Shape: (7009728, 29) ; 1626.26 Mb [####################] 100% 


In [6]:
carrier_counts

{'PS': 83617,
 'TW': 3757747,
 'UA': 13299817,
 'WN': 15976022,
 'EA': 919785,
 'HP': 3636682,
 'NW': 10292627,
 'PA (1)': 316167,
 'PI': 873957,
 'CO': 8145788,
 'DL': 16547870,
 'AA': 14984647,
 'US': 14075530,
 'AS': 2878021,
 'ML (1)': 70622,
 'AQ': 154381,
 'MQ': 3954895,
 'OO': 3090853,
 'XE': 2350309,
 'TZ': 208420,
 'EV': 1697172,
 'FL': 1265138,
 'B6': 811341,
 'DH': 693047,
 'HA': 274265,
 'OH': 1464176,
 'F9': 336958,
 'YV': 854056,
 '9E': 521059}

## Map Reduce Way

In [7]:
from functools import reduce
from itertools import groupby 

datas = pd.DataFrame()
columns = ['Year','UniqueCarrier']
for ind, data_file in enumerate(file_list):
    df = pd.DataFrame(pd.read_csv(data_file, encoding='ISO-8859-1', memory_map=True, low_memory=False, usecols=columns))
    
    datas = datas.append(df)

In [8]:
carriers = datas.UniqueCarrier

# Map Reduce Algorithm phases

In [9]:
# Phase 1 :- Mapping

mapping = map(lambda x: (x, 1),carriers)

In [10]:
# Phase 2 :- Shuffling

sorted_mapping = sorted(mapping)

In [11]:
# Phase 3 :- Reducing

grouper = groupby(sorted_mapping, lambda p: p[0])
final = map(lambda 1: (1[0], reduce(lambda x, y: x + y, map(lambda p: p[1], 1[1]))),grouper)

print(list(final))

[('9E', 521059), ('AA', 14984647), ('AQ', 154381), ('AS', 2878021), ('B6', 811341), ('CO', 8145788), ('DH', 693047), ('DL', 16547870), ('EA', 919785), ('EV', 1697172), ('F9', 336958), ('FL', 1265138), ('HA', 274265), ('HP', 3636682), ('ML (1)', 70622), ('MQ', 3954895), ('NW', 10292627), ('OH', 1464176), ('OO', 3090853), ('PA (1)', 316167), ('PI', 873957), ('PS', 83617), ('TW', 3757747), ('TZ', 208420), ('UA', 13299817), ('US', 14075530), ('WN', 15976022), ('XE', 2350309), ('YV', 854056)]


## Conclusion

Here, we are getting counts of carriers in two ways.

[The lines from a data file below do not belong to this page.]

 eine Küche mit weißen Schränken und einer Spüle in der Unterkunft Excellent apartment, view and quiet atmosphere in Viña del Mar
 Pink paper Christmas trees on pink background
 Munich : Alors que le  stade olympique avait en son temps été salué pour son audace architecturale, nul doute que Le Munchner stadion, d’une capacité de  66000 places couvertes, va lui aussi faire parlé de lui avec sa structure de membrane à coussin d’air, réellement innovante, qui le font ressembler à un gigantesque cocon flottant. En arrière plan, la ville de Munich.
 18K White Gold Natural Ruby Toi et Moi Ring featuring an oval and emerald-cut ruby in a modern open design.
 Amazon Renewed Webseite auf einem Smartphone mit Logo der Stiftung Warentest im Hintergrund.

1) Serial way - Looping through each record and counting each airline's flight

2) Map reduce way - map, reduce and sort, and collect way to count the flights

Map reduce way means Map Reduce algorithm contains Three important task mapping, sorting and reducing. With using these, split into small parts and asign them to multiple system.